| THE PROBLEM |
Verbatim output, no pictures: the lines from the beginning of the material through the line with "Hi everyone, today", both ends kept.
::::::::
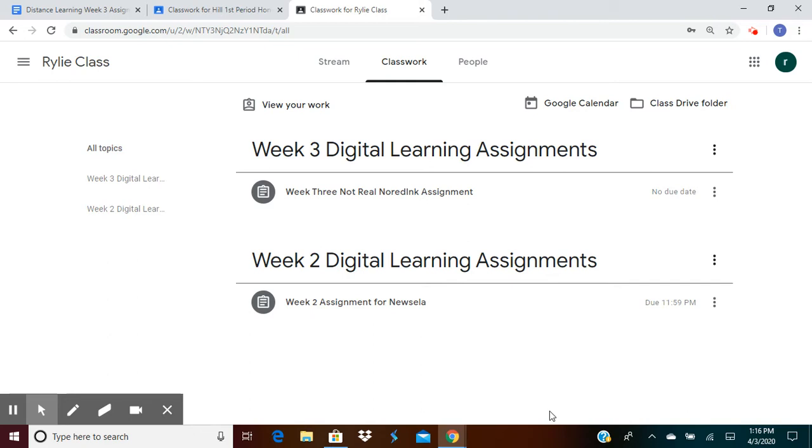Ms. Lackey and I are going to be using NewsELA a lot during this process of digital learning because it's easy for us to put in our writing assignment, our vocabulary assignment, and our reading assignments in one area.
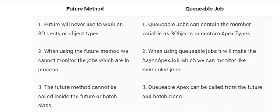Let's look at the differences between future methods and queueable jobs. Difference number one: future methods cannot work on sObjects or sObject types — you have to pass primitive data types. In contrast, queueable jobs can contain member variables such as sObjects or custom Apex types.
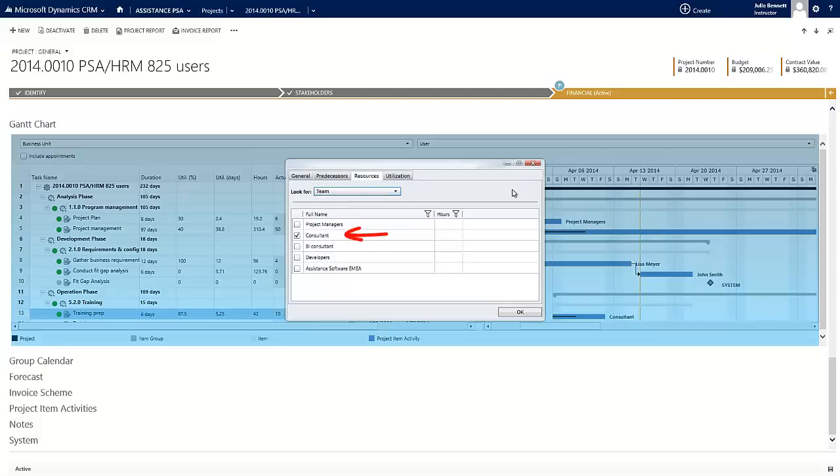Later on, via the utilization sheet, you will get to do the final assignment according to the availability of your resources.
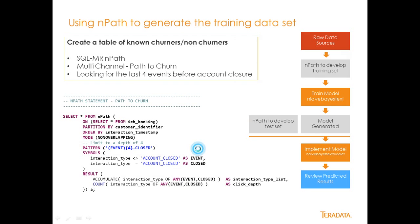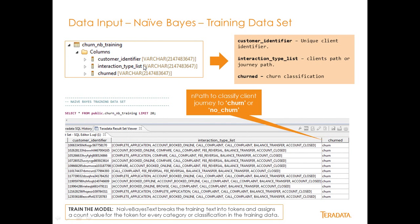Here's what our training data set looks like. We have a table called churn_nb_training with columns: customer identifier, customer type list, and churn. The customer identifier is a unique customer ID. The interaction type list is the client's path or journey path to churn or non-churn. The churn column is essentially a yes or no — churn or no churn. In the data, account closed corresponds to a churn event, and non-account closed corresponds to no churn.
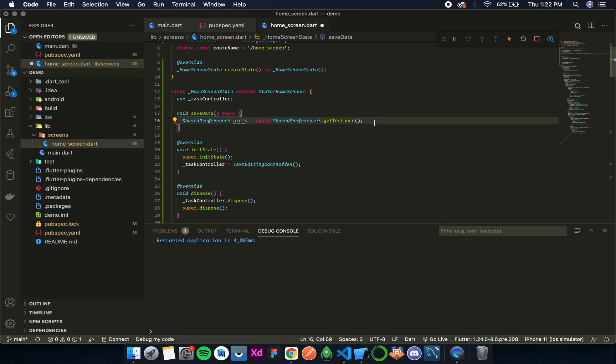So now let's save the data. So for saving, the most probable or the most standard practice would be to create a model class and then save the object as a json in this shared preferences. And then retrieve it as json and then parse it to the model and then display. So we'll follow the same thing.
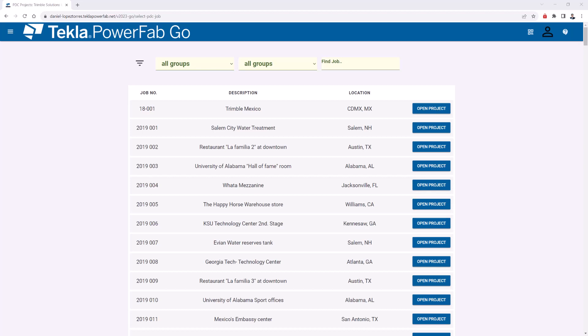Hello everyone and welcome to another Tekla PowerFab tips and tricks video. My name is Dan Lopez and I am a technical manager for MIS here at Trimble.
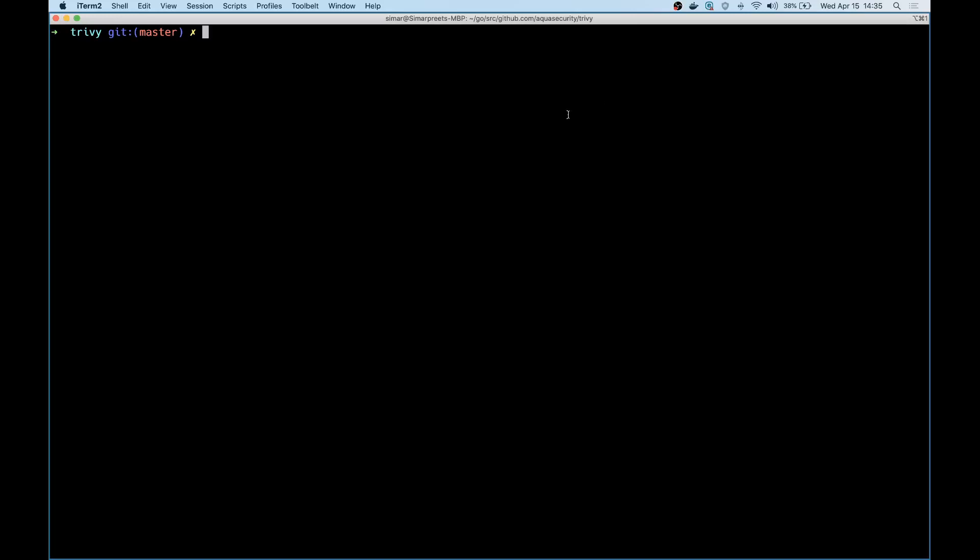Hi everyone, today I'll talk about the different outputs that are available with Trivy to locate your vulnerability results when you scan an image.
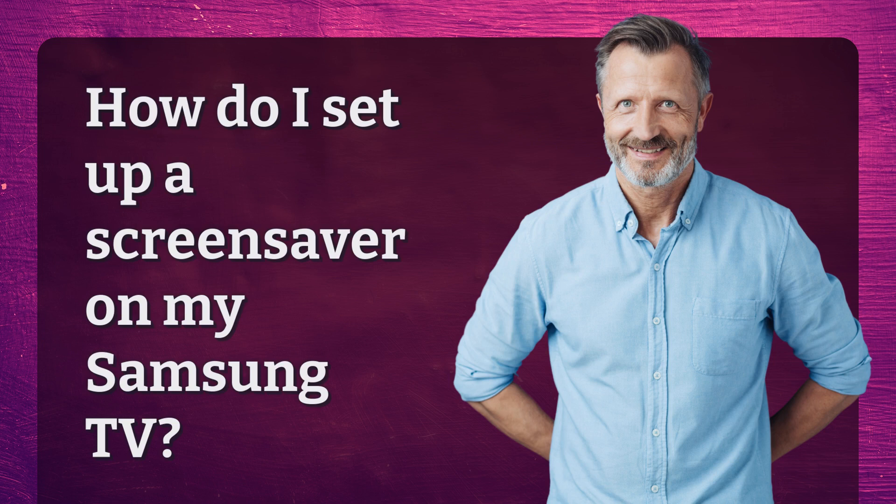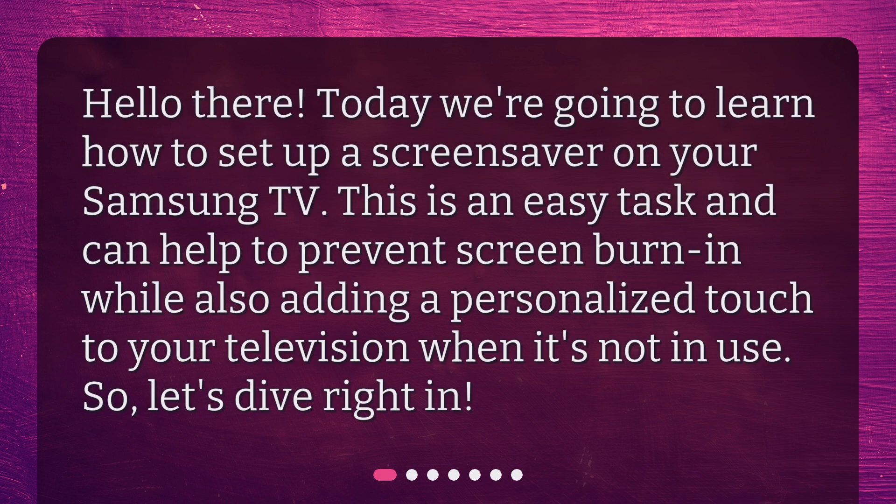How do I set up a screensaver on my Samsung TV? Hello there! Today we're going to learn how to set up a screensaver on your Samsung TV. This is an easy task and can help to prevent screen burn-in while also adding a personalized touch to your television when it's not in use. So, let's dive right in.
::::::::
| OUTPUT BELOW |
Ms. Lackey and I are going to be using NewsELA a lot during this process of digital learning because it's easy for us to put in our writing assignment, our vocabulary assignment, and our reading assignments in one area.
Let's look at the differences between future methods and queueable jobs. Difference number one: future methods cannot work on sObjects or sObject types — you have to pass primitive data types. In contrast, queueable jobs can contain member variables such as sObjects or custom Apex types.
Later on, via the utilization sheet, you will get to do the final assignment according to the availability of your resources.
Here's what our training data set looks like. We have a table called churn_nb_training with columns: customer identifier, customer type list, and churn. The customer identifier is a unique customer ID. The interaction type list is the client's path or journey path to churn or non-churn. The churn column is essentially a yes or no — churn or no churn. In the data, account closed corresponds to a churn event, and non-account closed corresponds to no churn.
So now let's save the data. So for saving, the most probable or the most standard practice would be to create a model class and then save the object as a json in this shared preferences. And then retrieve it as json and then parse it to the model and then display. So we'll follow the same thing.
Hello everyone and welcome to another Tekla PowerFab tips and tricks video. My name is Dan Lopez and I am a technical manager for MIS here at Trimble.
Hi everyone, today I'll talk about the different outputs that are available with Trivy to locate your vulnerability results when you scan an image.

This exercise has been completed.